If you want to stick to your opinion that things won't evolve any further, fine, but then the discussion ends here and we'll meet again in several years...

>>More interesting GPUs (programmability) and more interesting CPUs (throughput)
>>are released every major generation. So they're on a collision course. Replacing
>>the IGP with two more CPU cores makes the use of that die area a lot more interesting
>>because they can then be used in combination with the already existing CPU cores.
>
>On the contrary, putting more cores on the chip is boring since they are exactly
>like the existing cores. I mean, it's just a numerical increase. How much more boring can it get?

If I can run *any* software with reasonable efficiency on the die space occupied by the IGP, I call that more interesting than just the ability to run mediocre graphics. Also note it's not just a numerical increase in the number of cores, the cores themselves would also get FMA and gather/scatter to increase the effective throughput.

>If you buy loaves of bread at the store, and see that the manufacturer decided
>to put raisins in the bread, that might be interesting.
>If they just increased the size of the loaf by 1 slice, that's not interesting. That's a boring numerical increase.
>You might prefer it, if raisins aren't your thing. But that doesn't make it interesting.

With all due respect that's a terrible comparison. A heterogeneous architecture is more like a small loaf of bread and a pile of raisins next to it. A homogeneous architecture is actual raisin bread. The fact that this makes it a bigger loaf doesn't mean it's boring.
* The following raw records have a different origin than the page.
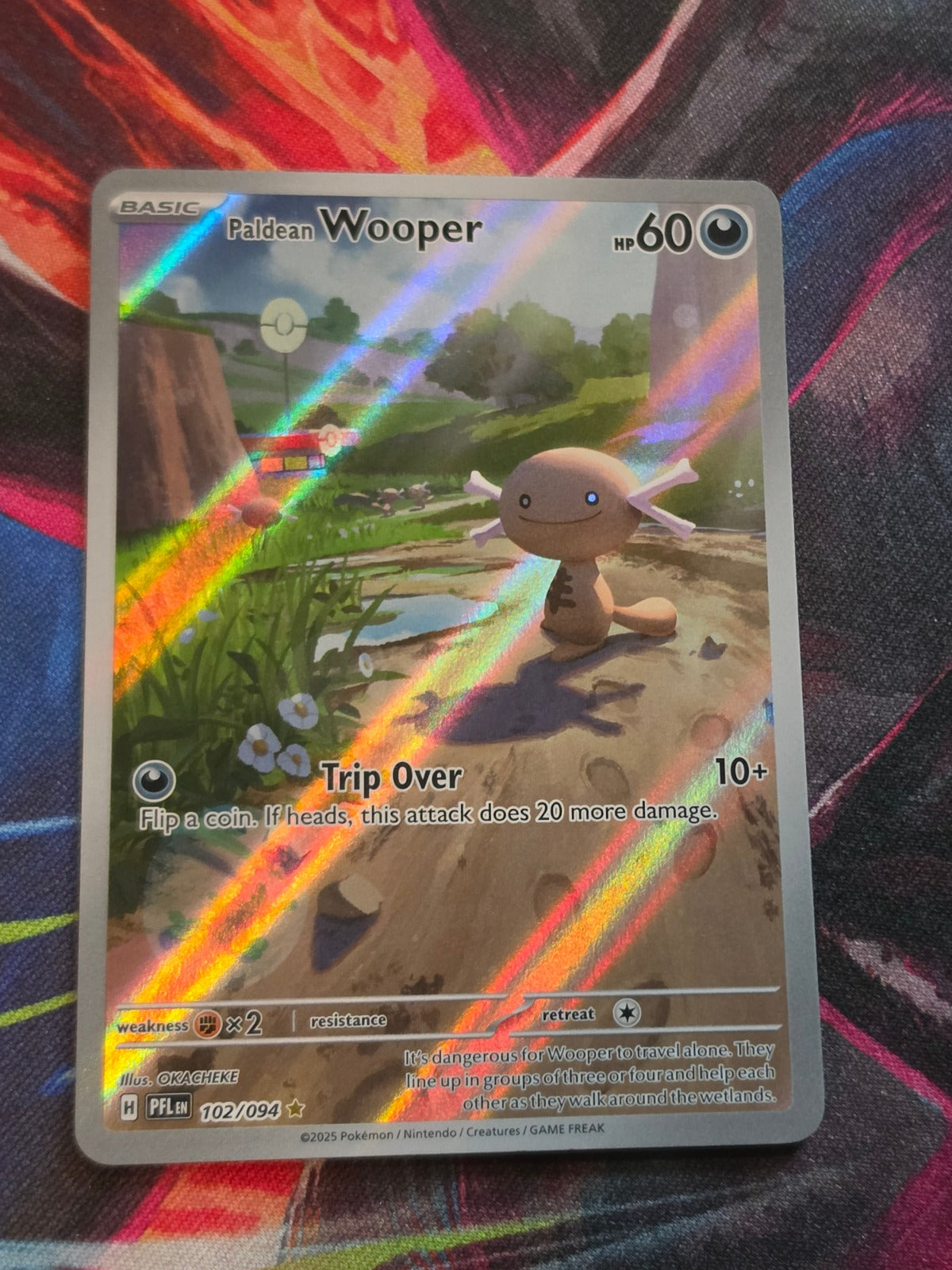 Paldean Wooper Illustration Rare Phantasmal Flames 102/094 NM Pokemon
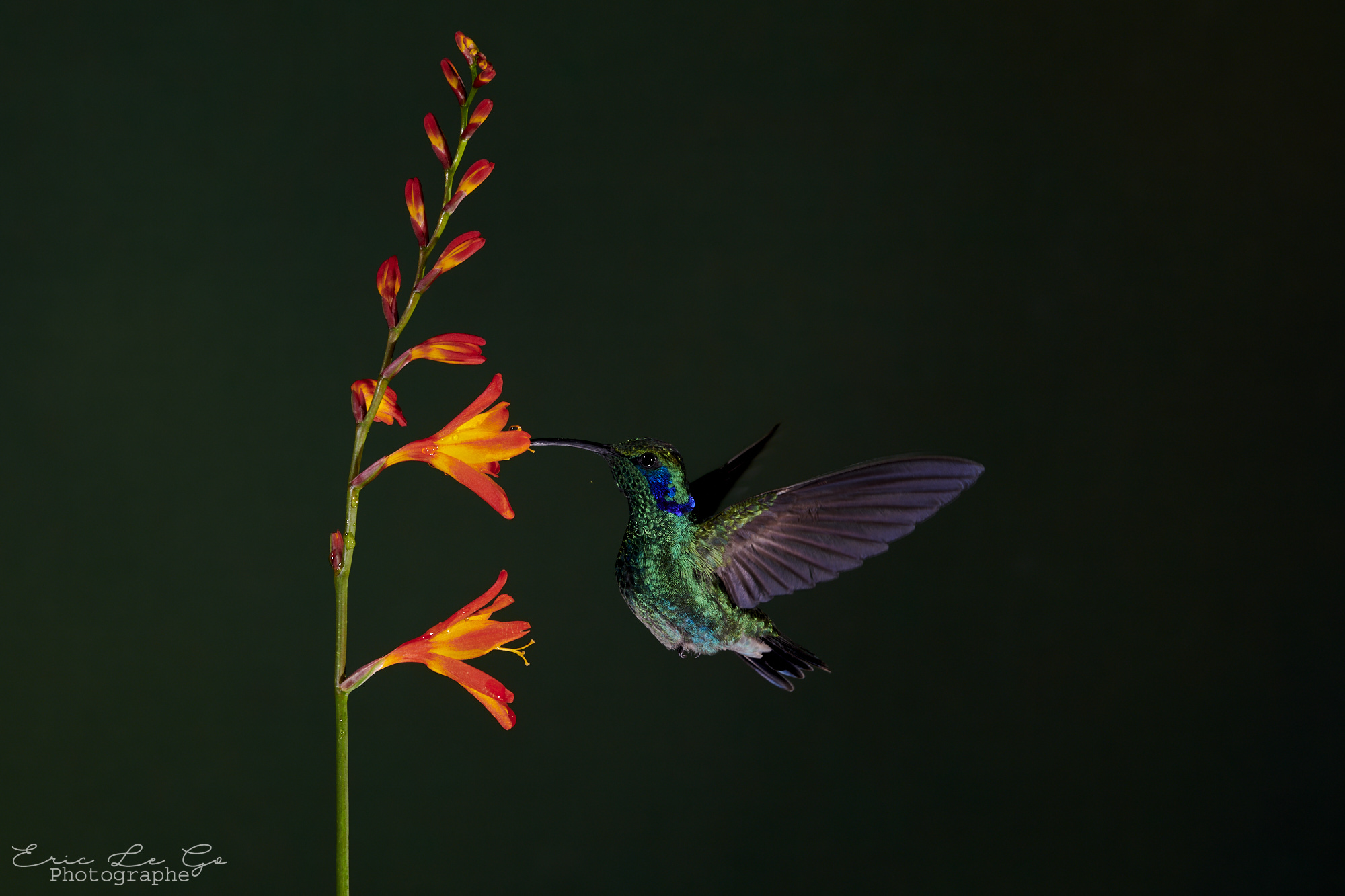 Colibri en train de butiner une fleur au Costa Rica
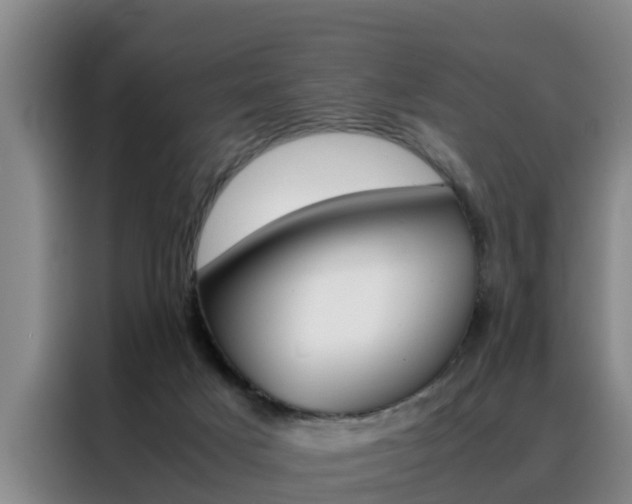 X0000088400025200705220830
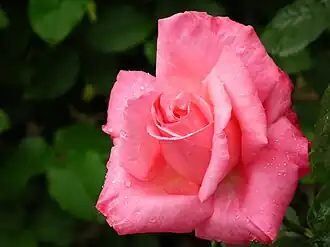 Image illustrative de l’article Stéphanie de Monaco (rose)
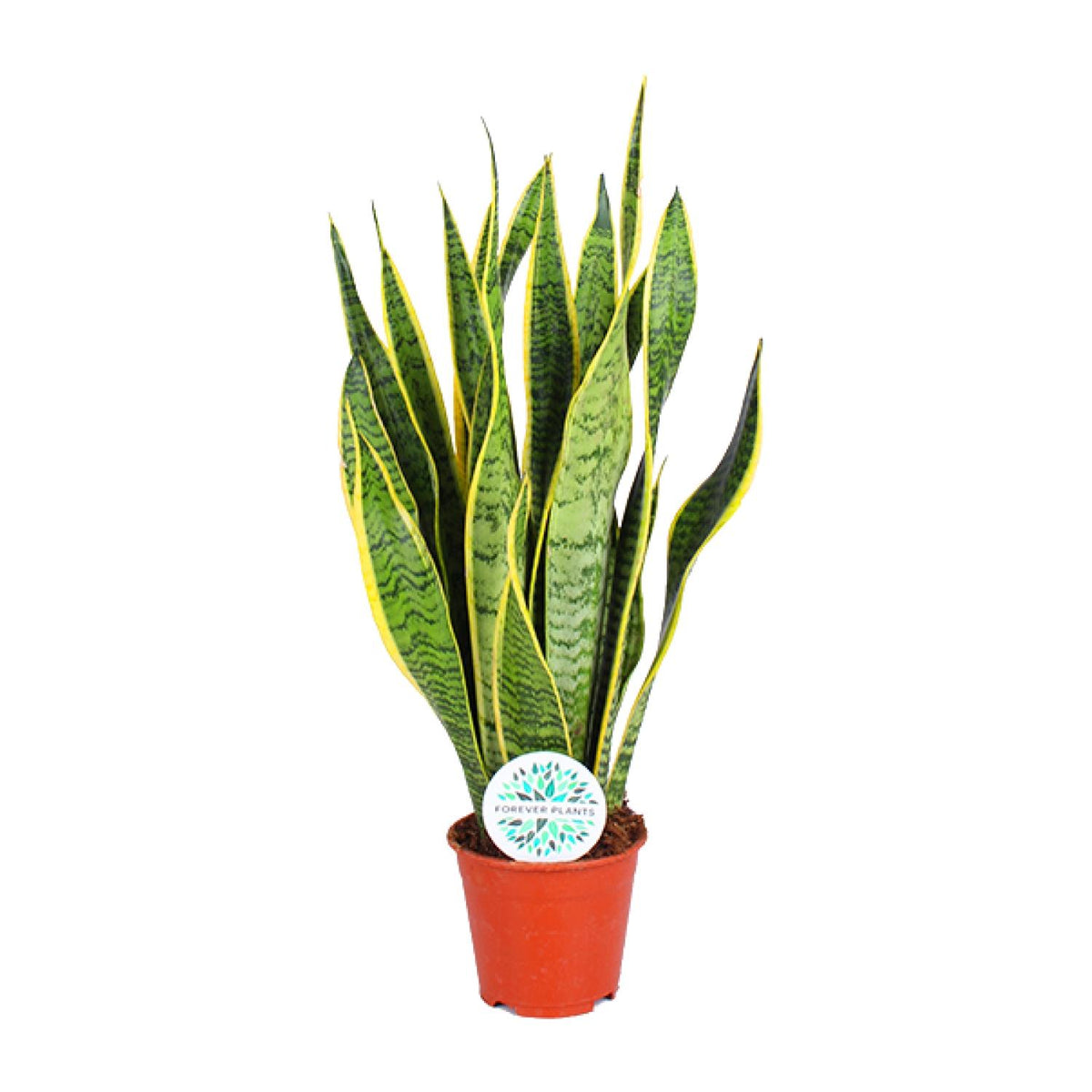 Sansevieria trifasciata Laurentii (vrouwentong) – Ø14 cm, 50 cm hoog
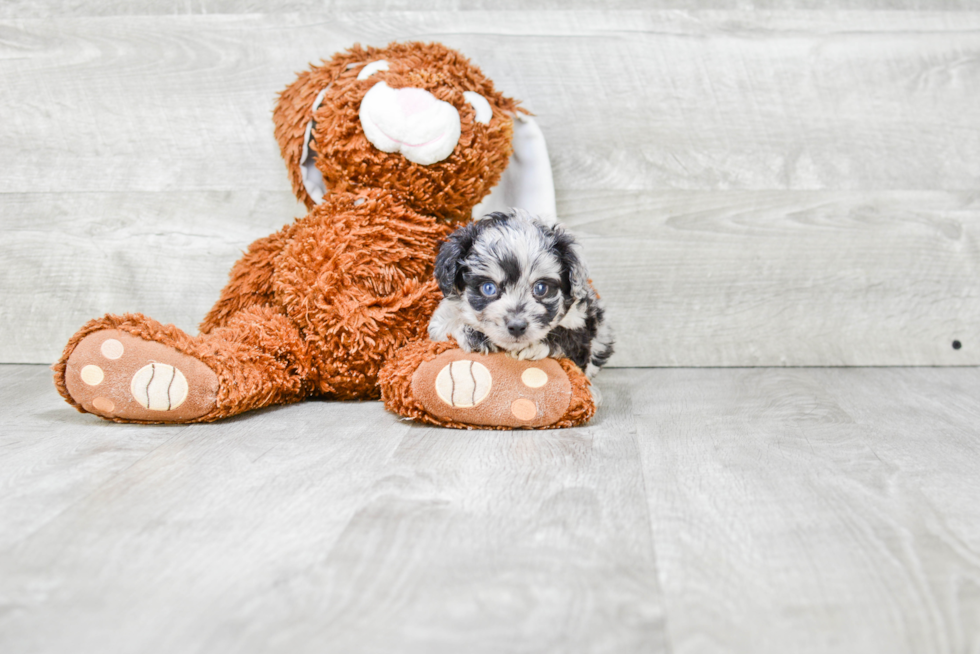 Popular Mini Aussiedoodle Poodle Mix Pup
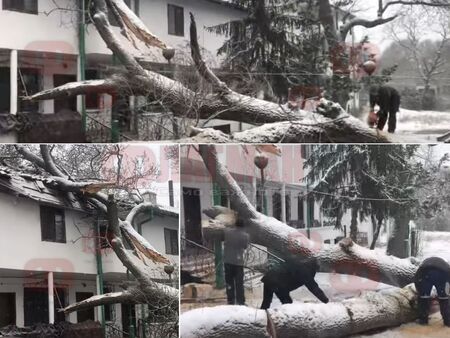 Сред доброволците откликнали на зова за помощ на майка Ксения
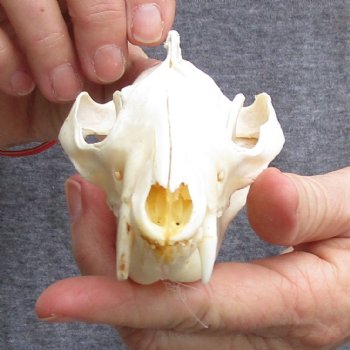 5" Opossum Skull - $40 
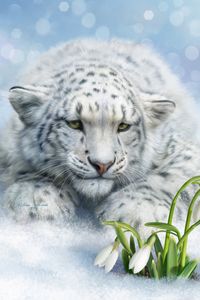 Preview wallpaper leopard, big cat, white, flowers, art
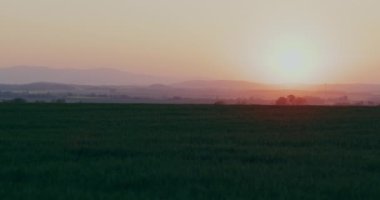Green wheat crops at agricultural field at village countryside rural scene landscape.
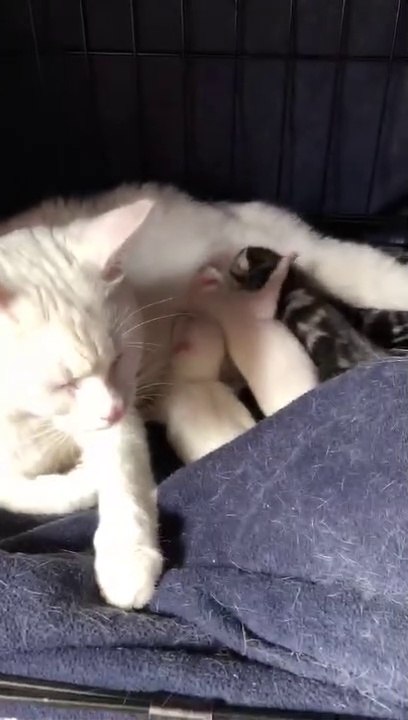 Newborn baby kittens fighting for milk Best family 2020 Ninja famous cat and Angel I love my cat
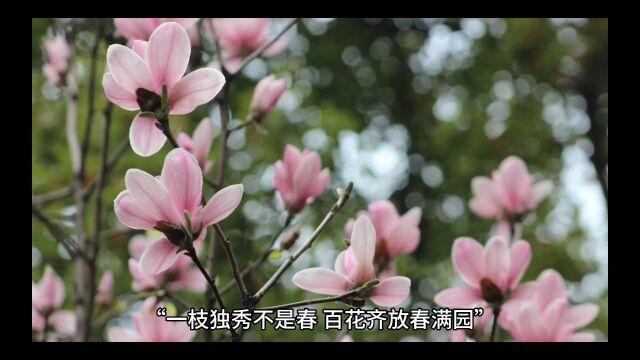 一枝独秀不是春,百花齐放春满园.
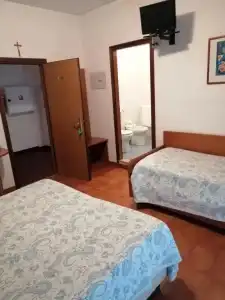 Trifoglio - 56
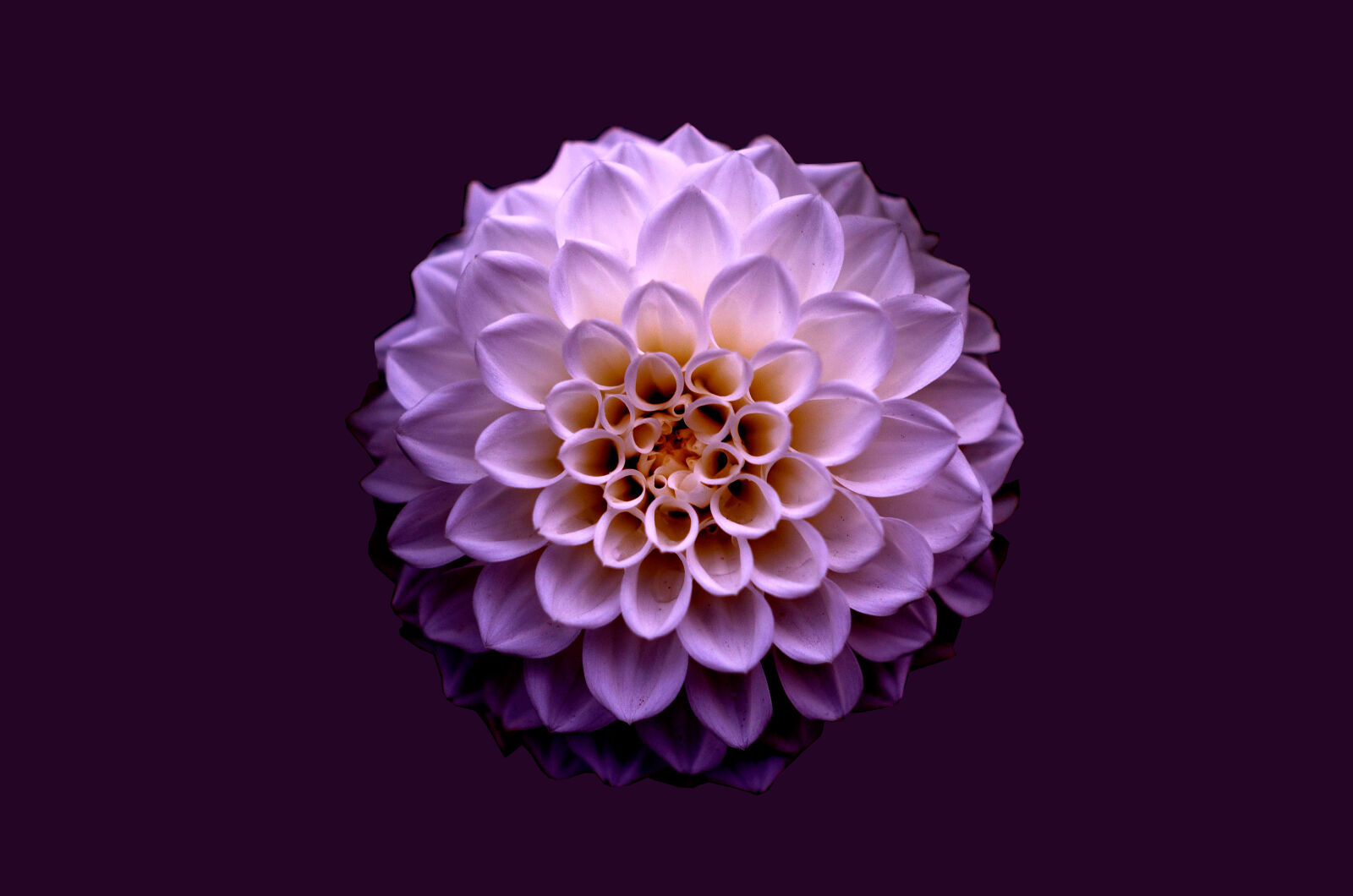 Nikon D5100 sample photo. Abstract, background, beautiful, beauty photography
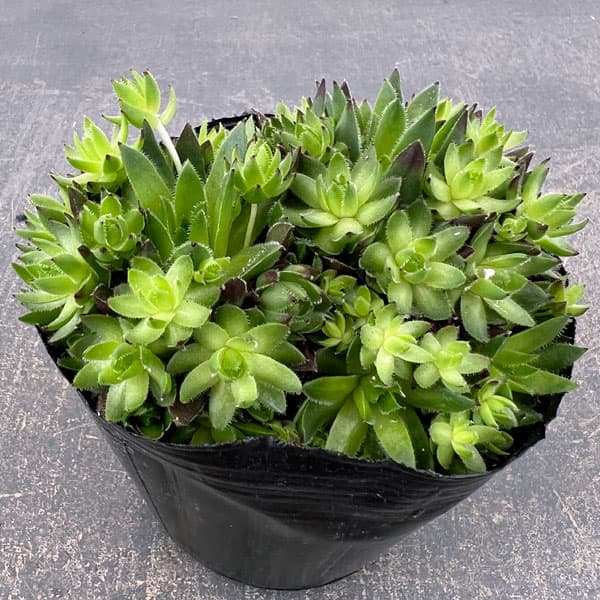 ジョビバルバ：ヒルタブルガリア　3号ポット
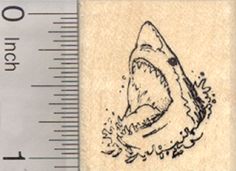 Great White Shark Rubber Stamp, Small Great White Shark Tattoo Simple, Shark Ink Drawing, Shark White Background, Shark Stamp, Shark Pen Drawing, Pet Vet, White Sharks, Great White Shark, Wildlife Conservation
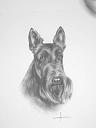Click image for larger version

Name:	Mafioso Scottisch Terrier.jpg
Views:	244
Size:	20.4 KB
ID:	303864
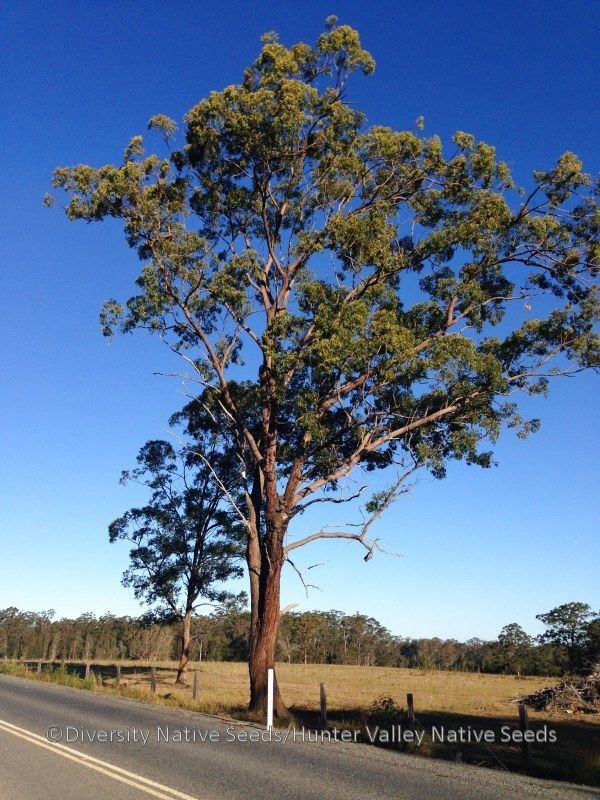 Eucalyptus microcorys Eucalyptus microcorys tallowwood Diversity Native Seeds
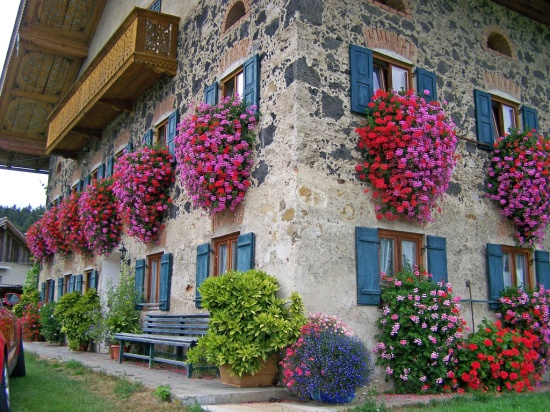Flower balconies and windows27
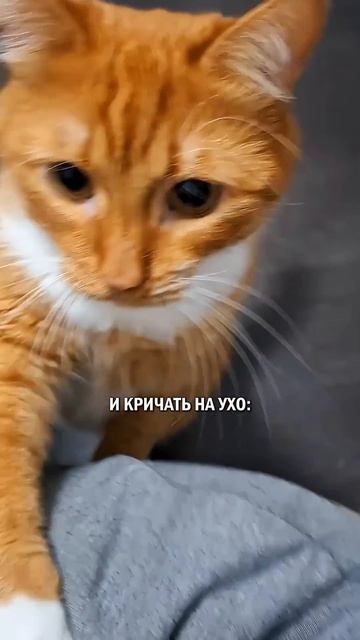 Кошатники не знают своих котов #котики #кошатники #кот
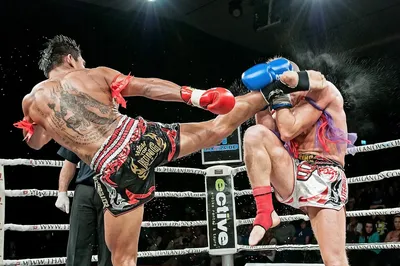 Бокс против тайского бокса: главные сходства и различия | Divos | Дзен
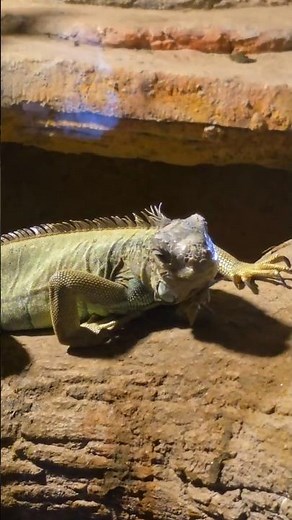 Amazing Green Iguana - Meet the Coolest Reptile Star!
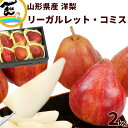【今だけ50％オフ】洋梨 コミス 山形県産リーガルレッド・コミス 秀品 5～8個 2kg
You can have the best of both worlds with an architecture which is latency and throughput optimized. This is a major benefit for mixed workloads, which would otherwise have to communicate between the heterogeneous cores or perform work on a suboptimal core for the task. This benefit is only getting bigger, because DLP is limited by Amdahl's Law and at the same time software is getting more complex.

>>>>I think I've clarified by now that eventually there's just 'computing'. A homogenous
>>>>CPU with FMA and gather/scatter can handle both latency-sensitive and high-throughput
>>>>workloads (and most applications are a complex mix of these). So the main thing separating the markets is price.
>>>
>>>There are many market segments separated by more than price, and your refusal to see them is baffling.
>>
>>Other than CPUs and GPUs, which are converging, I don't see what else could be
>>relevant to the discussion. So instead of implying I refuse to see them, why don't you show them?
>
>So you want a list of market segments, eh?
>Down from the top:
>
>-supercomputers
>-mainframes
>-workstations
>-database / transaction processing servers
>-web servers
>-cloud computing / consolidated servers
>-Gamer Desktops
>-DTR laptops
>-game consoles
>-Cheapskate/Corporate Desktops
>-mainstream & thin&light Laptops
>-Cheapskate/Corporate Laptops
>-netbooks
>-tablets
>-portable game consoles
>-smartphones
>-embedded / industrial / military
>-embedded automotive
>-embedded consumer appliances
>
>Let's look at some of the differences here.
>Supercomputer and workstation for example are mostly floating point. More specifically,
>double-precision floating point.
>Mainframes and transaction processing have very little floating point, and a heavy
>focus on reliability, branchy integer code, i/o, and throughput
>Gamer desktops, game consoles and so on are also heavily floating point, but it's all single-precision.
>For Corporate / Cheapskate Desktops, performance isn't a big issue, but what little
>performance is needed is all latency-sensitive integer code.
>For laptops and all other portable stuff, power efficiency is important.
>For military, industrial and automotive, reliable operation under harsh conditions is important.
>
>So you see, this stuff is all different, and it's not just about cheap vs. fast.
>There are other issues. Efficiency, reliability, suitedness to different workloads.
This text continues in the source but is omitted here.